In his 1996 book Fire in the Bones, James Raffan takes up the story of Bill Mason. He takes you on a journey into the landscapes that fed his imagination and nurtured his faith.
The title is taken from the a text found in the Old Testament book of Jeremiah (20:9) “His word was in my heart as a burning fire shut up in my bones, I was weary with forbearing, and I could not stay.”
Raffan tells the story of Bill Mason in a candid and engaging style. I offer here a brief snippet from the book which speaks of the involvement of Wilber Sutherland and Imago in bringing the film Waterwalker to completion.
“…in early 1983, still hanging onto the dream of getting out of film and painting full-time, that Bill understood that to break the stalemate and finish the sixth canoeing film he would have to leave the Film Board and try to finish it privately. And it was at that point, just as he had done under the pines at Manitoba Pioneer Camp twenty-five years before, with Wilderness Treasure, that Wilber Sutherland, a third character in the Waterwalker supporting cast to have grown up in a Plymouth Brethren household, arrived on the scene
to help steer Waterwalker to completion.
While Mason negotiated his early retirement from the Board, Sutherland dickered with the Film Board and secured a deal in which Imago and the Board undertook coproduction of Waterwalker.
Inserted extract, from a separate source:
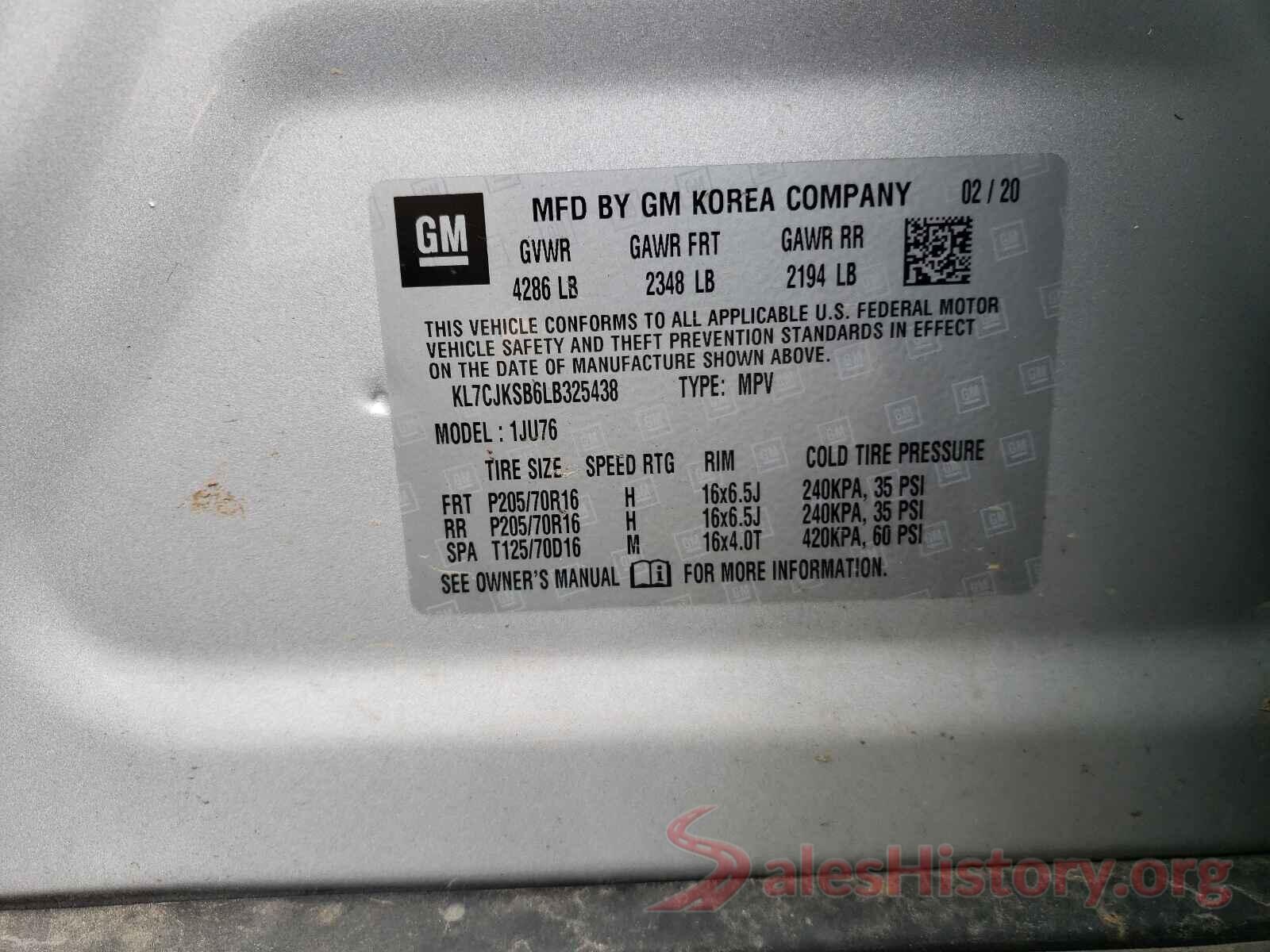 KL7CJKSB6LB325438 2020 CHEVROLET TRAX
Had it not been
for Sutherland coming on the scene at precisely that moment coming to the rescue of Bill and his precious last film, Waterwalker would have faded into obscurity.” (p.246)
“…urged on by Alan Whatmough, Sutherland got in touch with singer Bruce Cockburn, who liked the idea of working on a Bill Mason film, and eventually teamed up with musician Hugh Marsh to compose and record the musical score for Waterwalker.” (p.248)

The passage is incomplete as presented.